The Universe: What part of “you’re not meant to be” don’t you understand?
Pau: Everything.
Okay, can you at least give me one good reason why?
The Universe: Because he lives 74,032 miles away, in a place where it snows ten months a year, plus he has a girlfriend with perfect bone structure & stunningly good looks. So that’s 74,033 reasons already; raise it to the power of the nth degree multiplied by infinity. That’s why you aren’t meant to be.
Pau: But he said he had feelings for me too. And if only the situation were different, we would’ve made each other insanely happy. Can’t you remedy the situation; make him stay in the Philippines instead? And can’t you give me perfect bone structure & stunningly good looks too? It kills me just thinking about what might have been.
The Universe: Don’t believe everything he says, he is after all, just a man. Look, from where I’m standing, you have to take it as it is: a series of flings that went awry. It’s only good while it lasts, and they don’t last.
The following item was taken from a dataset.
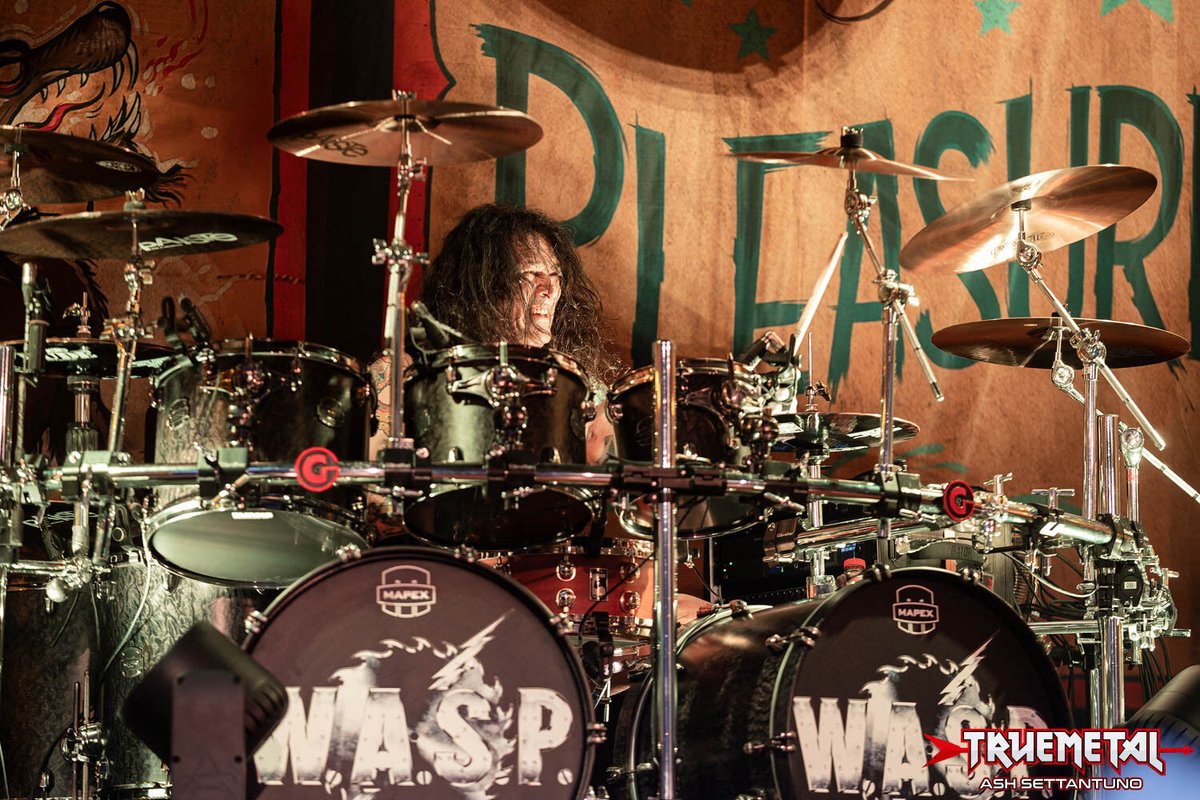 WASPOfficial's tweet image. Make sure you are following W.A.S.P. so you don’t miss future tour date announcements, click bnds.us/r0zzt7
Pau: But I think I may be falling for him, as much as I try not to.
The Universe: Sweetie, he’s a two-timing, lying prick who doesn’t see your worth & will only take you for granted just like what he did for the past six years so go look for someone else it’s inevitable that one will fall for the other, but that doesn’t mean both at the same time. Eventually, one of two things will happen. Either he realizes that you’re worth it, or you realize that he isn’t. But in the end, it’s bound to fail. Why do you think your car gets scratched every time you two go out? That’s a sign.
Pau: Dammit! I’m sick of your miniscule logic & preposterous concept of destiny! Make him stay here or else imma go Big Bang on your ass!
The Universe: How dare you talk to me that way, you filthy tub of lard! I shall smite thee with my ultramagneticelectronicbeam harakiri thingy and you will be cursed with bad skin, a sucky love life, and you’ll be allergic to chocolates FOREVER!!
And that’s the story why everything in my life is so screwed up right now. I earned the ire of the Universe which is why I am broke (my Globe is cut & my credit cards are way up in the stratosphere), about to be a bum, soon to be evicted from my parent’s house, sick with kidney stones, and in pain both literally & figuratively.